**Description of the task:** Only one span of the listing below should come back. It runs from the line with "3 Venus Cir, Franklin, MA 02038 - photo 1" through the line with "Photo 30 of", and each of its lines must be reproduced exactly.

**Provided data:**
-*-*-

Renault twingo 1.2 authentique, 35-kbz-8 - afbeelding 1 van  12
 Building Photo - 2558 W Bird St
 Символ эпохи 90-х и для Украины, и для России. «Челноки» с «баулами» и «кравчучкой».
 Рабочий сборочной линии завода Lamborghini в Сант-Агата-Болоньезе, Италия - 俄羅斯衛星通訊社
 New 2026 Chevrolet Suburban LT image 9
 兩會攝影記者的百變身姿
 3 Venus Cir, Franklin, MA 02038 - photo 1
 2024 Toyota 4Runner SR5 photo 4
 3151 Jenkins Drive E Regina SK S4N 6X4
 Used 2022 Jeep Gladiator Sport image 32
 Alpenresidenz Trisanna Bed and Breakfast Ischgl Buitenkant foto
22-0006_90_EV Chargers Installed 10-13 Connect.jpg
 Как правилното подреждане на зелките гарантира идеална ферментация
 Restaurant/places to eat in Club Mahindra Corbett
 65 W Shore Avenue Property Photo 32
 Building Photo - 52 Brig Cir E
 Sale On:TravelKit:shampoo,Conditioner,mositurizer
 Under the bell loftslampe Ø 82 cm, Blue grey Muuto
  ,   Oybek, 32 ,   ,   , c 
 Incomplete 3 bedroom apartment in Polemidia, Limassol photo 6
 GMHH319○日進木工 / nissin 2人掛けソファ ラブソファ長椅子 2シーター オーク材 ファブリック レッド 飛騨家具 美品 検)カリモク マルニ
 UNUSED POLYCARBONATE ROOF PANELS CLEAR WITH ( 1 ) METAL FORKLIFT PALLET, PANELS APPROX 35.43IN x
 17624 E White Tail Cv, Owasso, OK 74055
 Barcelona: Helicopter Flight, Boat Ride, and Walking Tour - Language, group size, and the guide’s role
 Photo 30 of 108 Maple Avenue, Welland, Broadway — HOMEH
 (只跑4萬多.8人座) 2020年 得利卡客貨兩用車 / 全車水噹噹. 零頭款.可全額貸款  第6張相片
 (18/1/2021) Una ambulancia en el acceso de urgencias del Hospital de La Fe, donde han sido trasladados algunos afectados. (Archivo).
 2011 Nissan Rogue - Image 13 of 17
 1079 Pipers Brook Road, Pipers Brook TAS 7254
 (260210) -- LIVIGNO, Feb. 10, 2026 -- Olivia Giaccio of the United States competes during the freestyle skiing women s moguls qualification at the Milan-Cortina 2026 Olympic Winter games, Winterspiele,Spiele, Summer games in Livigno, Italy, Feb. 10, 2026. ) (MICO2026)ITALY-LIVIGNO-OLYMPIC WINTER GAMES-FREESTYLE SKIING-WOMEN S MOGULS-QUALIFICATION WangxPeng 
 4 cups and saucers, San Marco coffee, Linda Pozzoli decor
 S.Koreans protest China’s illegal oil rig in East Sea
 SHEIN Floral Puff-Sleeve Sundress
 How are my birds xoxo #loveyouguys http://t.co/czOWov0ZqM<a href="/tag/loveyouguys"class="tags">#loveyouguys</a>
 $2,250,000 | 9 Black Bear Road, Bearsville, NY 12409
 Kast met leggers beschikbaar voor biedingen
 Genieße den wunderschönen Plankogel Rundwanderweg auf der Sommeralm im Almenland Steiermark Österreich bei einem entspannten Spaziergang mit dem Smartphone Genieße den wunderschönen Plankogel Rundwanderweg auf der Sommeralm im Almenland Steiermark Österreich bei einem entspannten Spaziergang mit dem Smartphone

-*-*-

**Written solution:**
 3 Venus Cir, Franklin, MA 02038 - photo 1
 2024 Toyota 4Runner SR5 photo 4
 3151 Jenkins Drive E Regina SK S4N 6X4
 Used 2022 Jeep Gladiator Sport image 32
 Alpenresidenz Trisanna Bed and Breakfast Ischgl Buitenkant foto
22-0006_90_EV Chargers Installed 10-13 Connect.jpg
 Как правилното подреждане на зелките гарантира идеална ферментация
 Restaurant/places to eat in Club Mahindra Corbett
 65 W Shore Avenue Property Photo 32
 Building Photo - 52 Brig Cir E
 Sale On:TravelKit:shampoo,Conditioner,mositurizer
 Under the bell loftslampe Ø 82 cm, Blue grey Muuto
  ,   Oybek, 32 ,   ,   , c 
 Incomplete 3 bedroom apartment in Polemidia, Limassol photo 6
 GMHH319○日進木工 / nissin 2人掛けソファ ラブソファ長椅子 2シーター オーク材 ファブリック レッド 飛騨家具 美品 検)カリモク マルニ
 UNUSED POLYCARBONATE ROOF PANELS CLEAR WITH ( 1 ) METAL FORKLIFT PALLET, PANELS APPROX 35.43IN x
 17624 E White Tail Cv, Owasso, OK 74055
 Barcelona: Helicopter Flight, Boat Ride, and Walking Tour - Language, group size, and the guide’s role
 Photo 30 of 108 Maple Avenue, Welland, Broadway — HOMEH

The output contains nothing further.